The reflection showed the whole body, not just the face. The angry, malicious eyes and a smile so dark it was as if it came directly from the horror movies. In his haste to back away, he stumbled over his own feet and fell backwards. Right onto yet another wooden block. This one hit him square in the back. The pain that hit him was so intense that he could not get up. There wasn't a spot on his body that didn't hurt. He couldn't scream - he couldn't even breathe. His first and only attempt at getting up, shocked him to the point of freezing. The fridge. The door of the fridge was so much like a mirror, but again, the reflection he spotted was not his own. The thing was standing in the door of the fridge, looking at him. He tried to move, tried to scream - but it was as if he was frozen.
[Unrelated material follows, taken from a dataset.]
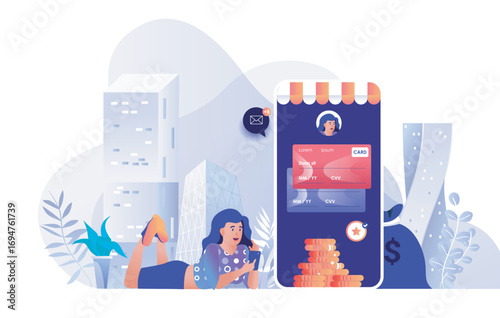 Online banking concept for modern web design. People managing finance in app, woman makes financial transactions from mobile phone application. Flat vector illustration isolated on white background.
He stopped breathing when he locked eyes with the thing in the fridge - only to take in a painful breath when it vanished. Granted, it didn't go away without saying something to him. The voice it used was so quiet that no one would have been able to hear it, but he did. "Found you". That was what the green eyed, yellow haired monster said to him before it left. Then he was yanked off of the ground before he could take his second breath. Out of instinct he screamed and thrashed. He thought that it had come out of the fridge and grabbed him. That wasn't what happened, though. The thing disappeared just before his parents could appear to save him. When they saw the knife, the broken glass, and their bleeding son they panicked and grabbed him.
After that he wasn't really conscious enough to know what happened. He remembered his parents screaming and holding him, then he seemed to blank out until he found himself sitting in a hospital bed. His parents spoke to someone outside the door, before a doctor came in and told him that he needed to stay for a few days. There were bandages all over him, and the doctor explained that they had needed to make him to to sleep when they removed the glass. After that, the doctor walked out of the room to speak with his parents some more. For a moment, he thought that he would be alright. He thought that the nightmare was over, and that he wouldn't be hurt more. Then he saw the blonde, green eyed boy smiling at him from inside the window.